Turn, turn, turn points
In Your Story Matters, Leslie Leyland Fields gives this advice to a beginning memoirist: “Make a time line for every five to ten years of your life (depending on how old you are), marking important events: places you’ve lived, jobs you’ve held, major events in your family.” Turn, turn, turn points. Each important event is a stone set alongside your life path to physically mark the distance to a particular place or metaphorically mark a significant change or stage in development. A new chapter, turning point, breakthrough, discovery, landmark, anniversary or “big” birthday.
If we wrote an autobiographical memoir, marking the stages of life, we’d place a BIG milestone at the end of our student years and another BIG milestone when we’ve completed our careers and family lives, hopefully older, wiser, and only slightly battered. The next BIG milestone, between our third and final stages of life, brings winter’s stark beauty, as above here at Vanaprastha this morning.
On my timeline, I placed a BIG marker for when I became a parent.
There is a season for parenting, turn, turn, turn
I was in my late twenties when I bore my first child, not young by 80s standards. With an established teaching career, I was not a stay-at-home mom as many women in my generation were. Then about mid-way through the “work-kids” years, I became a single parent, also uncommon in those days. Turn, turn, turn—and lots of good memories.

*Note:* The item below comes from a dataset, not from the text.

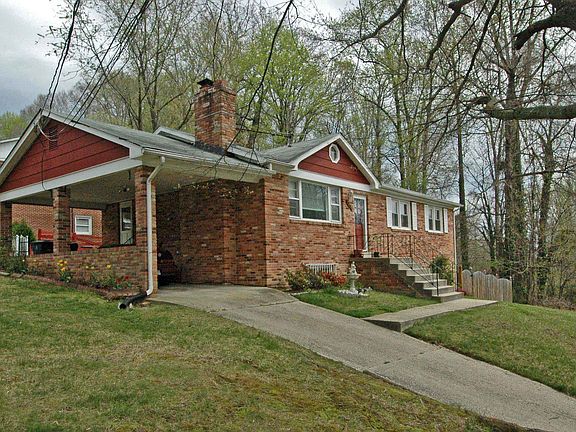 Beverly St view close-up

For instance, my children loved to visit the Dallas Museum of Art—we lived north of Dallas then—especially the children’s education center so they could play with the computer program to create a landscape by dragging tree icons and such onto the art image on the screen. To make it more interactive, my children would make intentional mistakes, such as placing a tree in the sky. “Stay on the landscape!” an automated female voice scolded, or a deep male voice said, “Don’t do that!”

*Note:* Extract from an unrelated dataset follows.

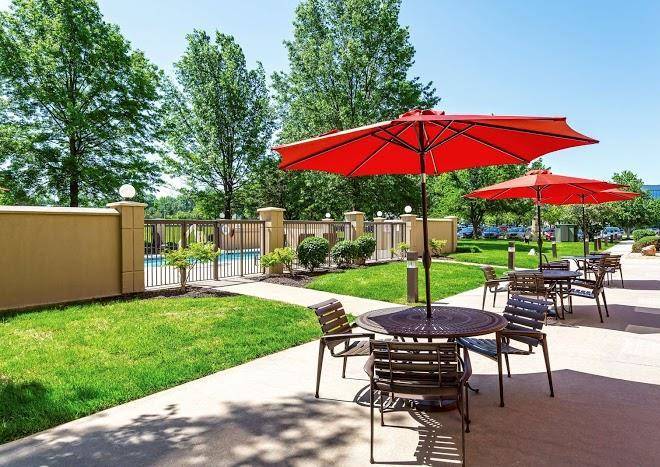 Hyatt place kansas city overland park convention center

I don’t know what they did to prompt the computer to respond with the warning, “It’s not your turn!” But that’s the phrase I think about now that I’m no longer raising children. It’s not my turn anymore.
A time to every purpose, turn, turn, turn
I was in my mid-sixties when I became a grandparent, not a young grandma by any standard. By that time, I was also well on my way to establishing a new career in writing and returning to music. Active in my neighborhood, community, and church, all for the glory of God. Turn, turn, turn.

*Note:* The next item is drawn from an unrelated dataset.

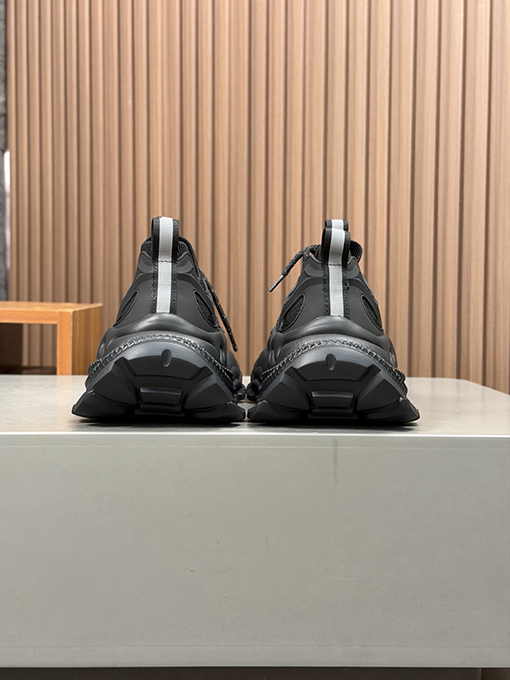 モンクレール プラットフォームダッドシューズ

In The Mindful Grandparent: The Art of Loving Our Children’s Children, Marilyn McEntyre and Shirley Showalter write, “The passage from parent to grandparent differs from all other changes in our lives because it involves not only a new dimension of our identity but also a transformative shift in relationship with the adult children we love. It is a delicate transition: we step in, we stop back; we witness, we help where we can, we make room for new needs and life-changing surprises.”
My children and our granddaughter live a day’s drive away, so we feel blessed to see them if only a few times during the year. During visits, Keith and I hope to model aging in a way that teaches our granddaughter that adults’ lives are rich, varied, and interesting, even as winter approaches. Also, we hope our children and granddaughter understand that there are things we are eager to do with them and other things that are too much for us—barring an emergency. As McEntye and Showalter state: “… a considered no may sometimes be a way of protecting the energy we need when it’s time to say yes.”
Time for every purpose under heaven. Yes. When it’s my turn.